Afrikarabia : Que devrait dire François Hollande à Ismaël Omar Guelleh ?
Mahamoud Djama : Il y a deux messages symboliques que la France pourrait faire passer auprès d’Ismaël Omar Guelleh. Tout d’abord au sujet des prisonniers politiques. Le cas le plus célèbre est celui de Mohamed Ahmed dit « Jabha » (militant du Front pour la Restauration et l’Unité de la Démocratie – FRUD) qui est en prison depuis 7 ans. Alors que la justice n’a retenu aucune charge contre lui, le régime continue de le maintenir en prison. Est-ce que le président peut dire « ça suffit, il faut le faire sortir ». Ce serait un signal fort. Le président français pourrait enfin demander à monsieur Guelleh d’ouvrir l’espace politique qui est complètement verrouillé actuellement. Les accords de 2014 signés avec la coalition d’opposition USN n’ont jamais été appliqués par le régime djiboutien. Le président Hollande pourrait demander l’application de ces accords. Mais je ne suis pas vraiment optimiste.
Afrikarabia : Il y aura un nouveau président de la République en France au printemps. Que souhaiteriez-vous dire au prochain président français ?
Mahamoud Djama : Je lui dirai de prendre en compte la misère du peuple africain. Pas pour les intérêts de l’Afrique, mais pour ceux de la France. Une misère qui se traduit par une immigration massive. C’est une immigration économique, mais c’est aussi la fuite des répressions politiques violentes sur le continent. Il faut stopper le problème de l’immigration à la base. Le prochain président français sera-t-il capable de le comprendre ? Le seul que j’ai entendu sur ce sujet est Jean-Luc Mélenchon… les autres, je ne les ai pas entendu. La question africaine a été complètement absente des primaires de droite et de gauche. C’est vraiment dommage. Le prochain président devrait pendre en compte cette demande du peuple africain : accéder à la démocratie. C’est dans l’intérêt de la France de soutenir les démocrates africains.
Afrikarabia : Où en est la recomposition de l’opposition après la réélection d’Ismaël Omar Guelleh en 2016 ?
Mahamoud Djama : Une petite partie de l’opposition avait décidé de participer à la mascarade présidentielle de 2016, mais notre mouvement, le MRD, avait boycotté les élections après l’abandon par le pouvoir de l’accord de 2014. En février, les élections municipales ont cette fois été boycottées par l’ensemble de l’opposition.
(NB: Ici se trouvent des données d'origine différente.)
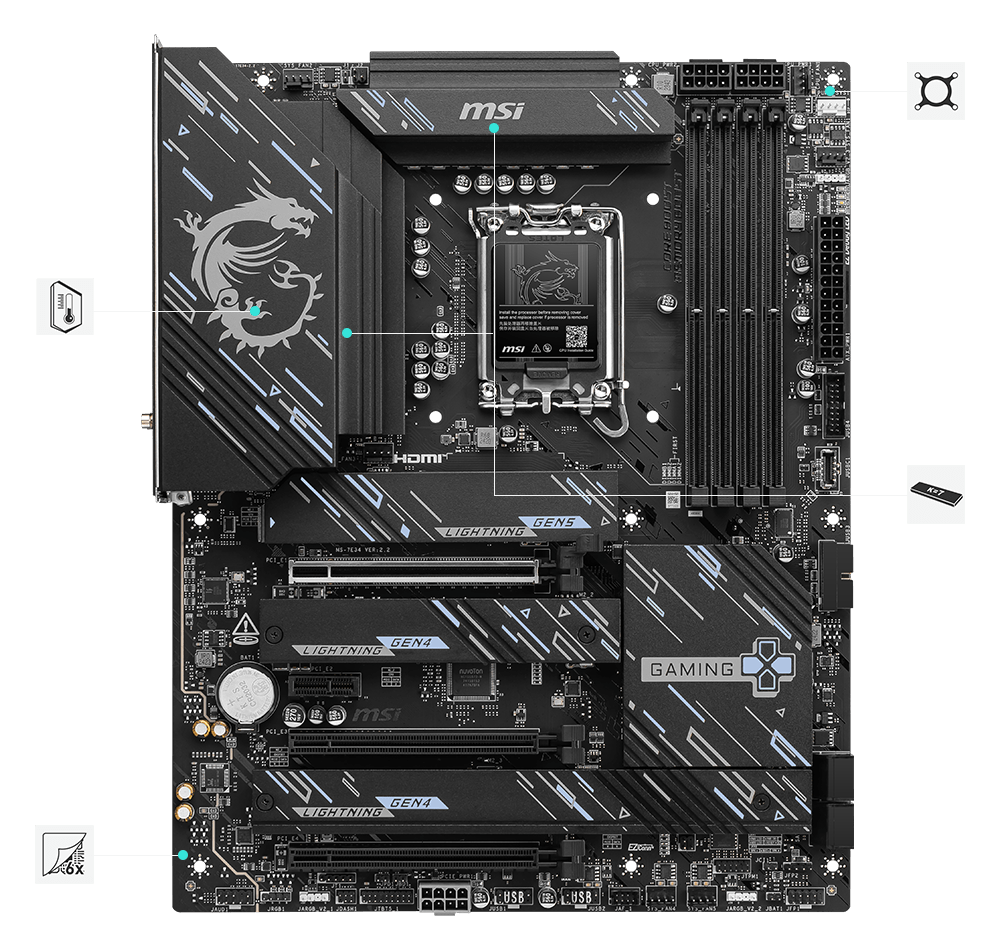 Z890 GAMING PLUS WIFI6E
Si ces mêmes partis avaient boycotté la présidentielle de 2016, nous n’en serions pas là. Aujourd’hui, on essaie d’aider cette opposition à se recomposer et à proposer aux Djiboutiens une autre alternative. Notre parti est désormais sur le terrain social puisque le pays traverse une importante crise économique. Si il y a de l’argent à Djibouti, il ne profite absolument pas à la population. Le MRD est en train de jouer un rôle social à Djibouti. Il n’y a pratiquement aucune ONG, sauf celles fabriquées par le régime. Voilà désormais le rôle du MRD.
Afrikarabia : Comment est-ce que vous envisagez les prochaines échéances électorales à Djibouti qui sont les législatives de 2018 ?
Mahamoud Djama : Si le blocage politique se poursuit, il n’y a rien à attendre. Mais il y a un risque d’explosion à Djibouti au vu de la situation économique désastreuse. Lors des dernières municipales, 90% des Djiboutiens sont restés chez eux, c’est un signe. Si le régime continue sur cette voie, on risque l’affrontement. Il faut donc absolument une ouverture politique à Djibouti.